WORK ORDER
Make an exact copy, from the records below, of the lines from the line containing "タントエクゼ カスタム S 4WD 660 5Dr" to the line containing "Hey guy's????,i'm here", both lines included, excluding pictures.

MATERIAL FOR THIS EXERCISE
Start of Block

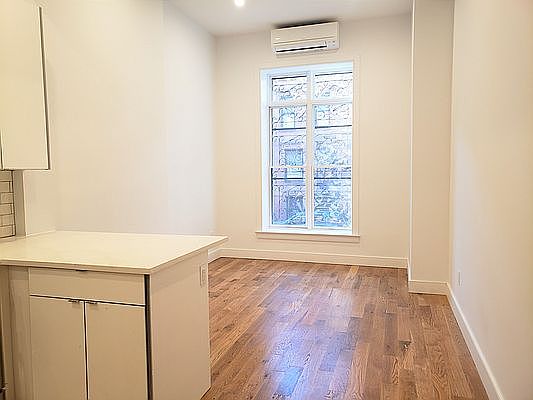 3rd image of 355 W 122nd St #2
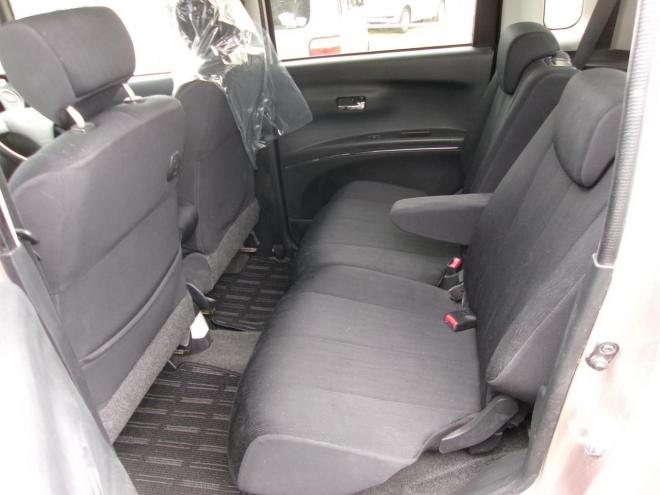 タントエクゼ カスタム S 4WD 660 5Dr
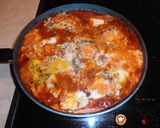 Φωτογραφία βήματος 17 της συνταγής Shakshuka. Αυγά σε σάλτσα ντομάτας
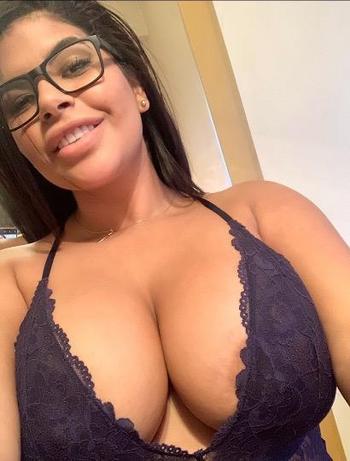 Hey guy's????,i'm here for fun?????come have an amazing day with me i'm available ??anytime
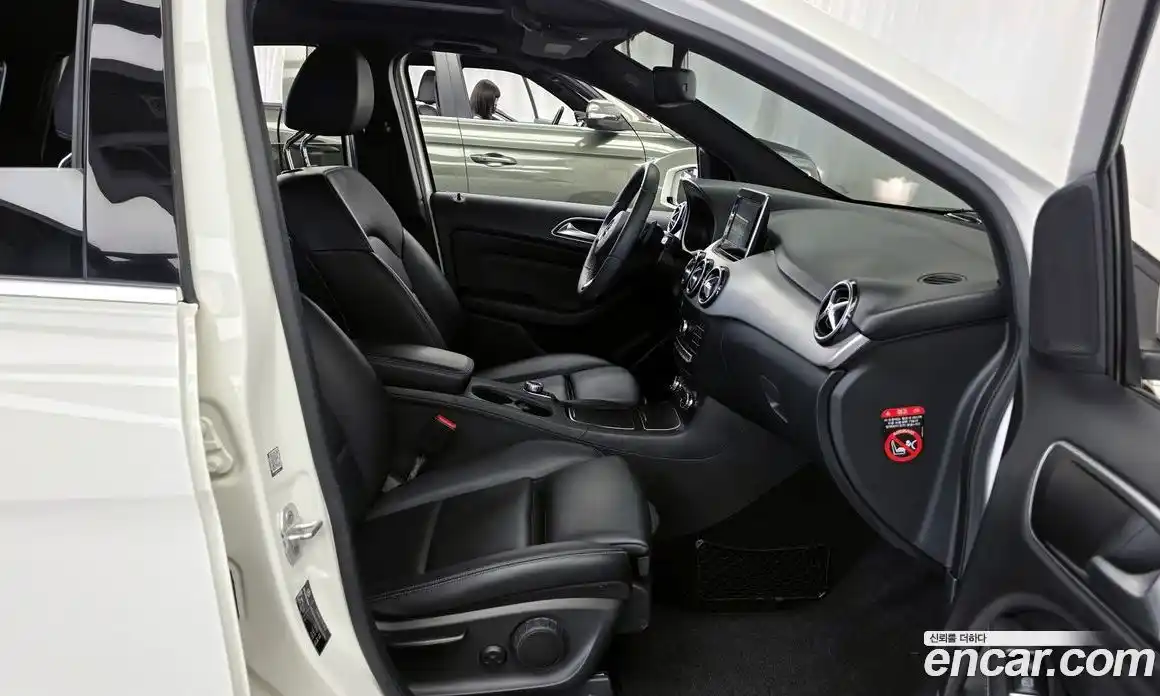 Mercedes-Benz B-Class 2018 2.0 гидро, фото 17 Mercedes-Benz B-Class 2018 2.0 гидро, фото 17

End of Block
Start of Block

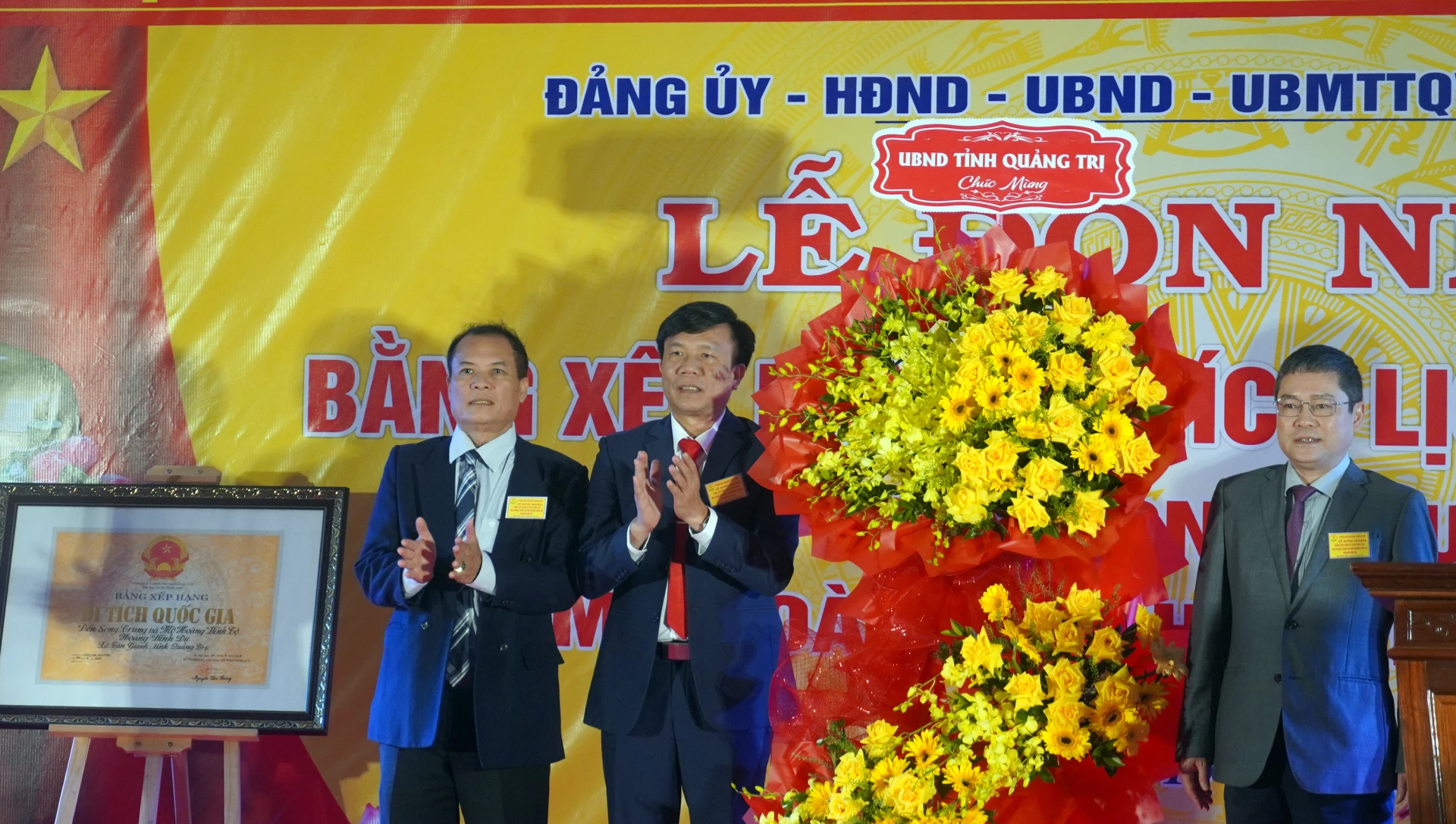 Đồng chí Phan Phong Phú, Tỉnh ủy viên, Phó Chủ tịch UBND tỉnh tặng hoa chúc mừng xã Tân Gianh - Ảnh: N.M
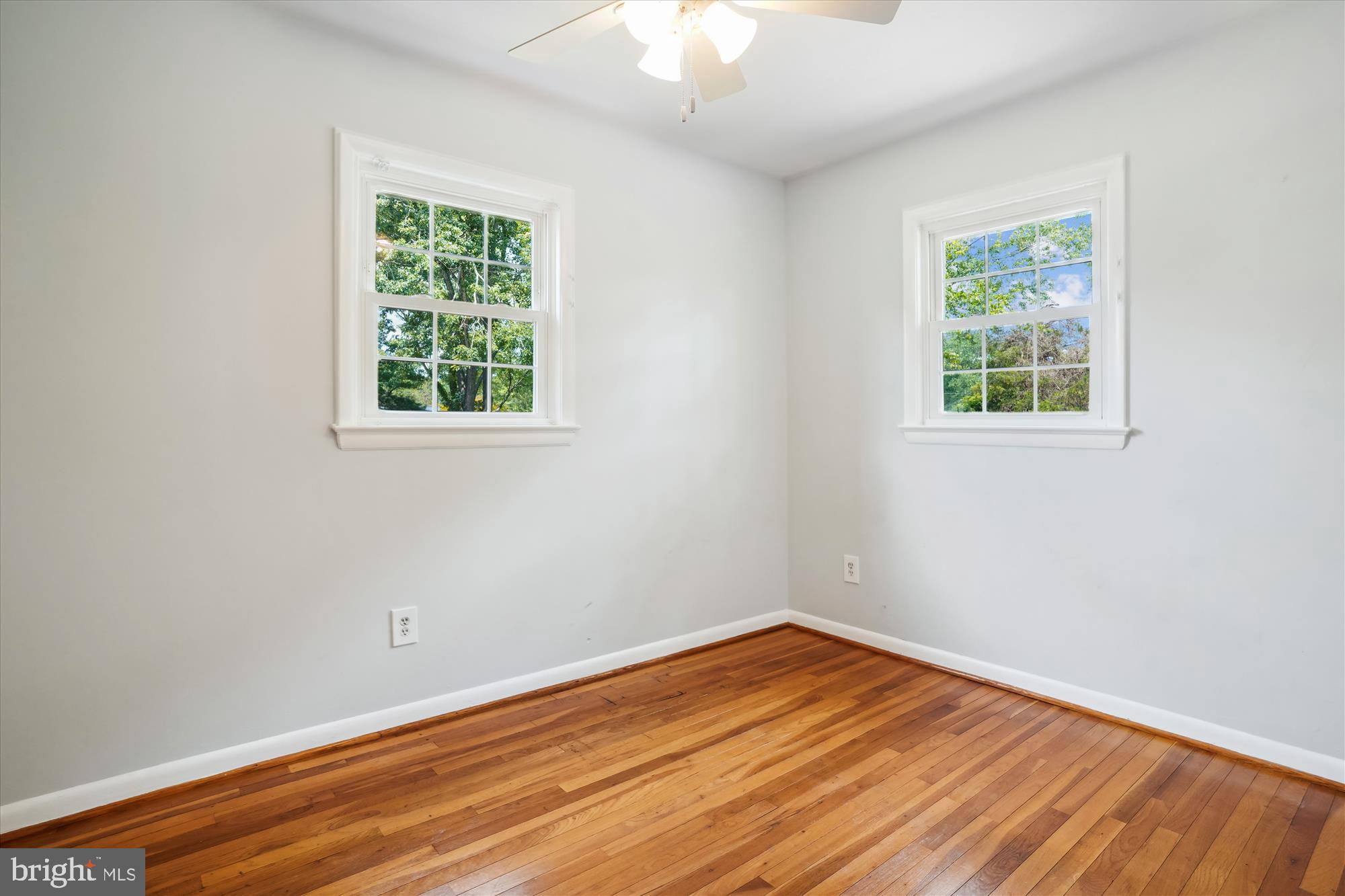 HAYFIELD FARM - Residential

End of Block

YOUR SOLUTION
 タントエクゼ カスタム S 4WD 660 5Dr
 Φωτογραφία βήματος 17 της συνταγής Shakshuka. Αυγά σε σάλτσα ντομάτας
 Hey guy's????,i'm here for fun?????come have an amazing day with me i'm available ??anytime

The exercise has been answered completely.